I suppose its hard to seperate OS issues from file system issues.
Windows - Hides extensions and system files in its GUI, unless you alter the behavior. The filesystem (Fat32, NTFS) appears to choke on names greater than 8.3 and does something to get around this.
This hasn't been an issue for years.
IIRC, using win98 you could drop into the command line and do a dir. The longer file names would show up as myfile~1.txt and other variants all containing ~# before an extension.
That was a backward compatibility hack for old software that didn't understand that filenames could now have reasonable names.
Linux - Seems to hide all files and dirs starting with a . They also have this weirdness about knowing what you want to execute, unless you alter the shell?, as you have to preface your executable with ./programname to run it. Of course you can see the hidden ones using a switch with ls.
Blah^3 has explained the security issue around not having the current directory in the path. The "hide stuff starting with dot" is at least a standard unix convention. It is similar to the file extension issue in that a naming convention is used for more than just the name. Rather that needing to learn some new obscure way to make files hidden, this 'easy' workaround is employed.
Mac - Doesn't allow me to name files with the same name when using a different case. Seems a little weird, since Fred.text and fred.text are different in Unix land. The GUI presents programs as a single file, but there is some sort of 'packaging' going on. TextPad for example is really a directory name, with other stuff in it. Nested inside the directory is the actual binary. I'm sure there is a name for it, but I'm too much the newbie to the OS to know right now.
Mac OS like Windows and AmigaOS uses a case preseerving but case-insensitive file system. I prefer it to case sensitive file systems, since I think it is more confusing than helpful to have filenames that differ only by case. This can cause problems though.
The 'package' concept is where the Mac is brilliantly superior to other OS's. It is only the Mac GUI - the Finder - that by convention doesn't recurse into package contents unless explicitly told to (context menu 'Show package contents'). The package concept makes application installation a trivial drag and drop application, and complex documents containing many files can be treated as a single entity. In the old days there was a special attribute set on the folder to say "this is a package", now OS X can just recognize a specific directory layout as being a 'package', so once again they use a simple technique that doesn't require any new interface to manipulate special bits... simply recognizing the layout makes packages easier to deal with most of the time.

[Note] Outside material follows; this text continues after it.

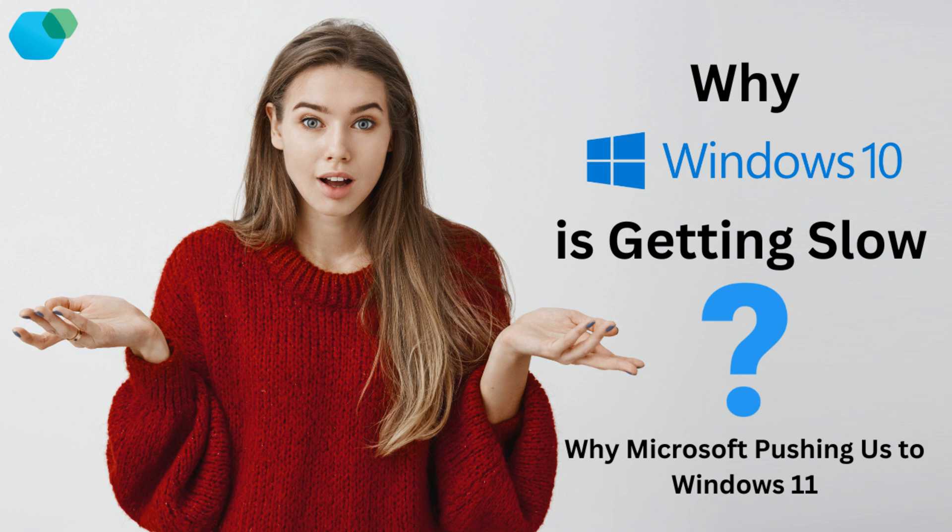If you've been using Windows 10 for a while, you've probably noticed that it's not running as fast as it used to. From slow boot times to apps taking forever to load, many users have reported significant slowdowns, especially after the latest updates. Of course, it's normal for operating systems to slow down over time, but with Windows 10, the timing of these issues feels a bit suspicious, doesn't it?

BeOS - Had a journaled filesystem capable of handling 64 Terabytes IIRC. How cool was that?
It's cool, but Windows and Mac also use journaled filesystems by default, and most modern Linux systems are the same. I'm not sure where the limits are in terms of partition size.
Amiga - Had a 'pairing' scheme, where anything you wanted to run from the GUI (pre OS2.x) had to have an associated icon file. If you had myprogram, then you needed to have myprogram.icon. The icon files contained image data but later contained meta data as well. You could run the executable from the command line, whether it was a GUI app or not.

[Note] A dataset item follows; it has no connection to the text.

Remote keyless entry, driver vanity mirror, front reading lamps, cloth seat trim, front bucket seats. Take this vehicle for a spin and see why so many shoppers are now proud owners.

Old windows 3.1 stuff used a similar concept that is still supported today for legacy stuff. I think it was .pif files.
Blah^3 wrote that the Mac can have files with almost any character in the name. The Amiga also had this ability. The backwards DOS/Windows stuff kept it away from most users still to this day. It's been 20 years and we still have the artificial limitation on what characters are allowed in filenames in the worlds most popular OS. Sad. I'm not sure if Linux can handle anything like it either.

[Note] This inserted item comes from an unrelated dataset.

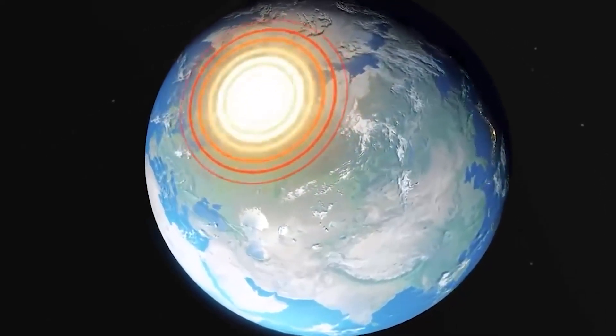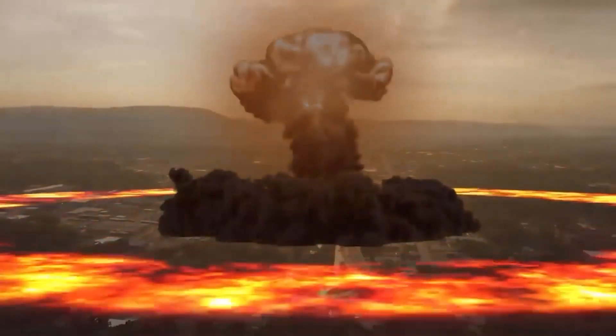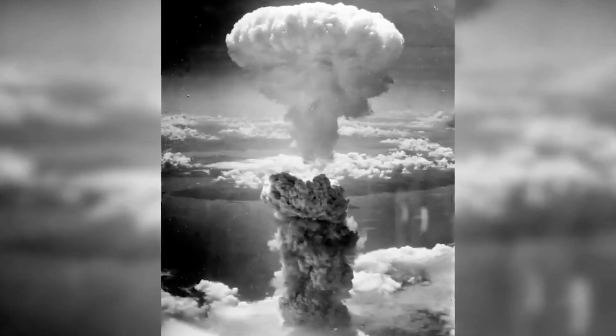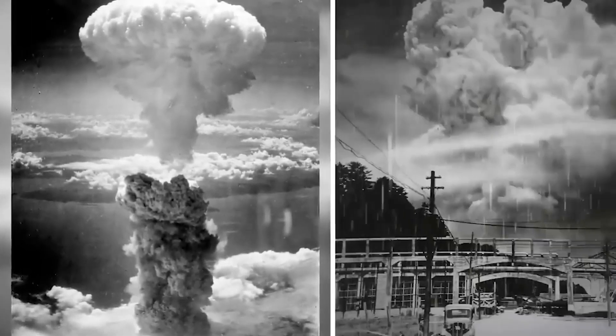Upon reaching the surrounding environment, thermal radiation quickly heats the air, objects, and surfaces in its path. The effects of heat and thermal radiation are more apparent in the vicinity of the explosion and gradually decrease as the distance from the center increases. The consequences of thermal radiation can be classified into two main areas. Thermal Flash Zone: in the area closest to the explosion point, the intensity of thermal radiation is at its highest. This area extends several kilometers from the epicenter, and inside it, thermal radiation causes immediate and catastrophic damage.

There is no good reason to restrict what characters are allowed in a filename. Simple escaping rules can allow path separator characters and the like to not hold special meaning. If this were implemented from scratch today, perhaps the rules for escaping characters in URLs would be the way to go.
Don't get me started on the arcane and ludicrous concept of "drive letters" that Windos is still forcing on users decades after better systems were introduced by Atari, Amiga, and Mac, not to mention the single rooted filesystem of the unix world. Microsoft is directly responsible for keeping general computing in the dark ages. All because they want to be backwards compatible with DOS - the boat anchor that brings down the whole OS.
I much prefer the way Mac moves forward and knows when it is time to simply not be backward compatible with something that puts such severe limits on progress.